Ich eröffne die 87. Sitzung des Landtags von Sachsen-Anhalt der sechsten Wahlperiode. Ich begrüße alle Mitglieder des Hohen Hauses sowie die Gäste herzlich und stelle die Beschlussfähigkeit des Hohen Hauses fest.
Wir setzen nunmehr die 42. Sitzungsperiode fort. Wir beginnen die heutige Beratung mit dem Tagesordnungspunkt 18, danach folgt der Tagesordnungspunkt 17.
Ich darf daran erinnern, dass sich für heute Ministerpräsident Herr Dr. Reiner Haseloff, Minister Herr Bullerjahn, Minister Herr Dorgerloh sowie Minister Herr Bischoff ganztägig entschuldigt haben.
In der Aktuellen Debatte beträgt die Redezeit je Fraktion zehn Minuten.
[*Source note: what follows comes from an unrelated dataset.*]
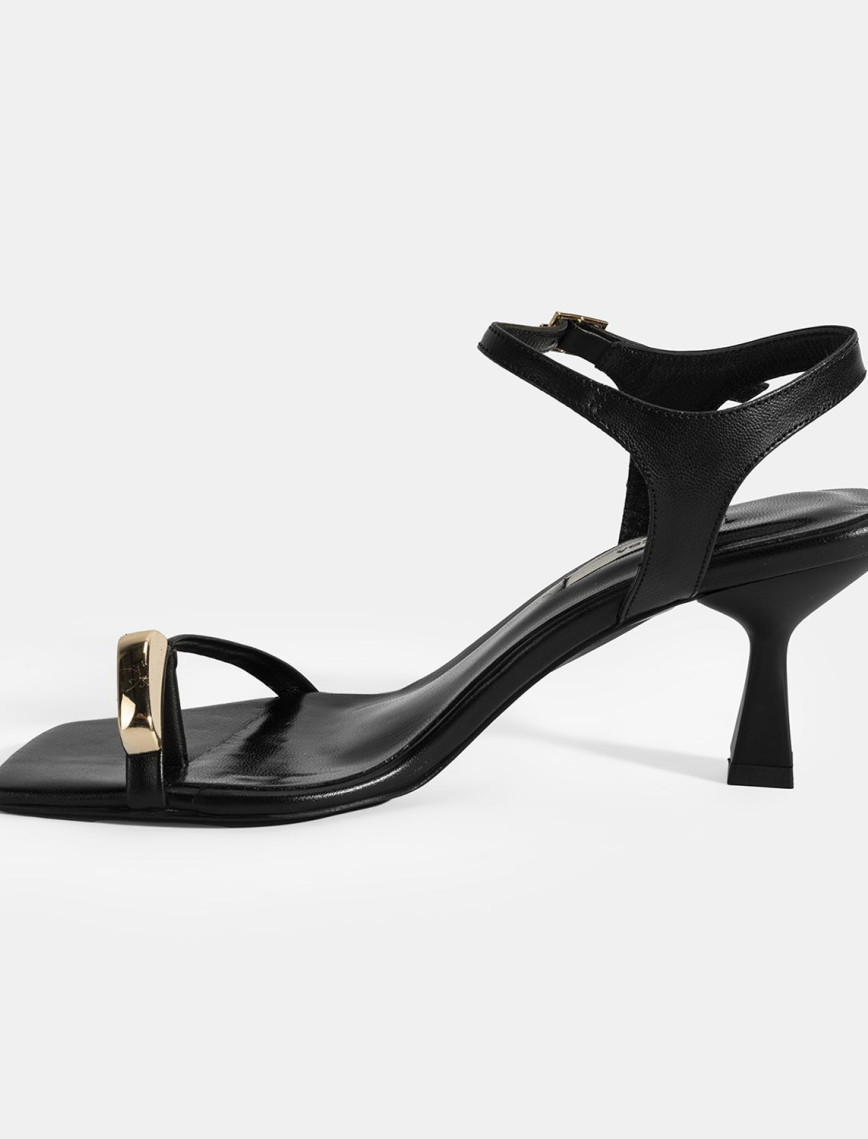 Kadın Siyah Metal Aksesuarlı Parmak Arası Topuklu Ayakkabı Kadın Siyah Metal Aksesuarlı Parmak Arası Topuklu Ayakkabı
Die Landesregierung hat ebenfalls eine Redezeit von zehn Minuten. Es wurde folgende Reihenfolge vereinbart: SPD, DIE LINKE, CDU, BÜNDNIS 90/DIE GRÜNEN. Zunächst hat für die Antragstellerin, die Fraktion der SPD, die Fraktionsvorsitzende Frau Katrin Budde das Wort.
Herr Präsident! Meine Damen und Herren! Immerhin haben wir heute bei den anwesenden Mitgliedern der Landesregierung eine Frauenquote von 30 %. Das schafft die Landesregierung sonst nicht.
- Dann wird die Quote noch besser, Hartmut; dann sind es 50 %. Aber ich würde es vorziehen, wenn du zuhörst, weil es doch auch sehr viel um den Bereich der Wirtschaft geht, um Löhne und Gehälter. - Ach Mensch, noch ein Herr! Schade, jetzt sind es nur noch 25 %.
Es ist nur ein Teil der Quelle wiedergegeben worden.